Reservation Bills: In a special parliament session starting April 16, the government will introduce draft bills for amendments to women’s reservation laws. This will make way for the implementation of the 33% reservation for women in the Parliament from 2029. It will increase the number of seats from 543 to 816 with 273 seats reserved for women. But this requires the delimitation exercise to be completed on the basis of the 2027 census, as the opposition has pointed out.
Electoral Patriarchy: In the US, where the discourse in the ultraconservative quarters is increasingly sounding like something out of The Handmaiden’s Tale, the latest buzz is that women should give up their right to vote, reports the New York Times. The household vote should be entirely ceded to the husband, this lot says, and unmarried women should ideally be represented by fathers, brothers and uncles.
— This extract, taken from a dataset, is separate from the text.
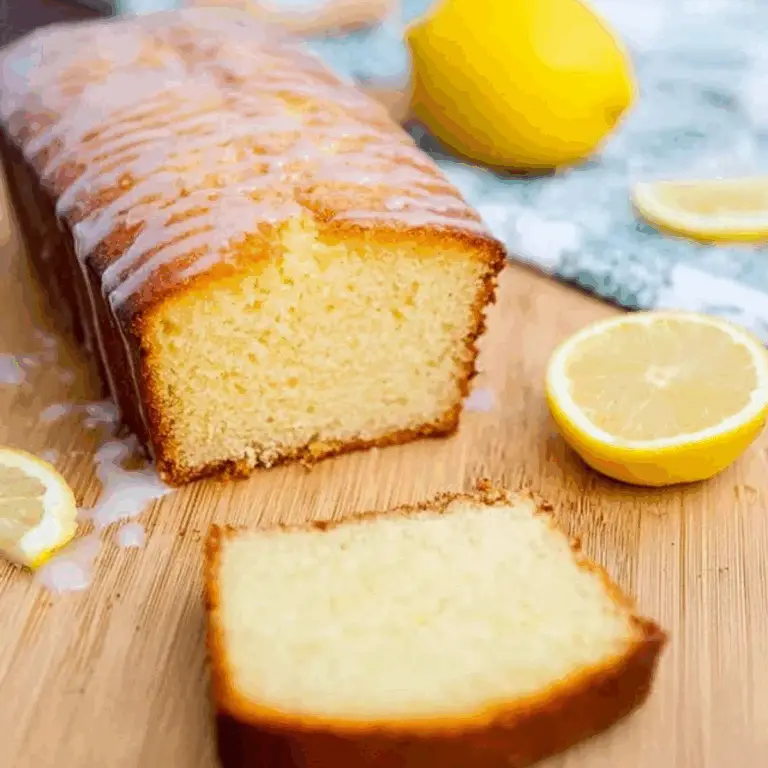 lemon bread with glaze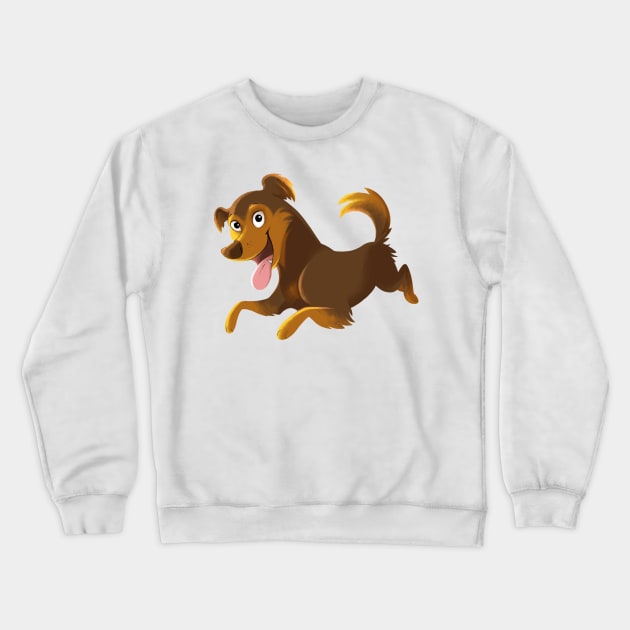 Happy dog Crewneck Sweatshirt by mariamar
The problems, they say, are two fold – one women’s suffrage “divides” families and two, that women’s “natural tenderness” would make them susceptible, heaven forbid, to supporting liberal policies.
Mano In Africa: Guardian reports that manosphere, having taken wings in Europe and the US, is now spreading fast across Africa. “The ideas that shape the manosphere are linked to those of men’s rights organisations like Maendeleo ya Wanaume. Its big argument was that men and boys were being left behind as a result of all of the investments that had been made around girls’ and women’s rights,” says Awino Okech, a professor of feminist and security studies at Soas University of London. The conversations in this sphere are standardly and uniformly nauseating.
Anti Auntie: There was a time when being called “auntie” was considered ageist, lookist and sexist. Then auntie-hood was reclaimed because it represents the woman who doesn’t care how she looked or what she wore and most importantly, spoke her mind bluntly. Last week, however, an employment tribunal in the UK ruled in favour of NHS worker Ilda Esteves who alleged that she was subjected to harassment from coworker Charles Oppong who repeatedly called her “auntie”. He claimed it was a term of respect but she countered that she asked him to stop but he did not. He also apparently suggested that an older colleague would be a “good match” for her.